Friday, May 04, 2012
Book #13
About 19 years ago I took a short story course with Phil Stevick at Temple University. I was getting my first Master's--it was a peculiar hybrid of academic MA and fiction MFA. Stevick's class was centered on the modern short story, particularly inovators of the 20th century. I was turned on to Calvino, Garcia-Marquez, Borges, Gordimer, Coetzee; this was a mesmerizing course. We were tasked with finding a new potentially important writer who might make a mark on the pantheon some day. I found, via a brief NPR story, a young Native American named Sherman Alexie. The Lone Ranger and Tonto Fist Fight in Heaven had just come out. I read it and critiqued it for the class. I don't recall what I said, and likely could no longer even use that jargon any more. I know I panned the book a bit.
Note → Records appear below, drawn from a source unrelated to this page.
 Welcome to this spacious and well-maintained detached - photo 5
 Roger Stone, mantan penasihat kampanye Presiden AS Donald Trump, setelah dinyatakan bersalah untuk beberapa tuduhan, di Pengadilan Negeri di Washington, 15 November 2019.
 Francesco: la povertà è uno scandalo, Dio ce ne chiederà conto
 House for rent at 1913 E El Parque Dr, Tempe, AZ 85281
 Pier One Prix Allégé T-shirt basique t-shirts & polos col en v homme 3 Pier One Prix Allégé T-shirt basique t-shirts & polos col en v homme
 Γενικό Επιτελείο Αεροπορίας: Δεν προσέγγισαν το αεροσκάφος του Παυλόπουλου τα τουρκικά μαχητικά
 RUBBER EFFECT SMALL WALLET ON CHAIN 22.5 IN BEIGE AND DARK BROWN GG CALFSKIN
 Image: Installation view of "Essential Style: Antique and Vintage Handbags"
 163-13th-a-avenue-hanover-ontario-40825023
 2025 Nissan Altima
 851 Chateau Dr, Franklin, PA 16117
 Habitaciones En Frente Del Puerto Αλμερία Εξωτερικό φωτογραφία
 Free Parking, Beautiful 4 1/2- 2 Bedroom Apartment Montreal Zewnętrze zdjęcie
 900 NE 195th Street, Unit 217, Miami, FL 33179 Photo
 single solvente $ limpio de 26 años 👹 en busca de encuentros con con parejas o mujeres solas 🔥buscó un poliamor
It was too precious, too contrived, too redolent of "writer's workshop"--whatever.But there was a spark, an appealing potential...
So nearly 20 years later I find The Absolutely True Diary of a Part-Time Indian in the latest Donor's Choose addition to my classroom library. Home run! I love the voice, the authenticity, the portrait of a young man going through his early teens with all the requisite suffering that age entails, coupled with all the requisite suffering that age entails growing up on the rez. It's funny and sad and full of touching flourishes. I already know which students I'm going to recommend read it.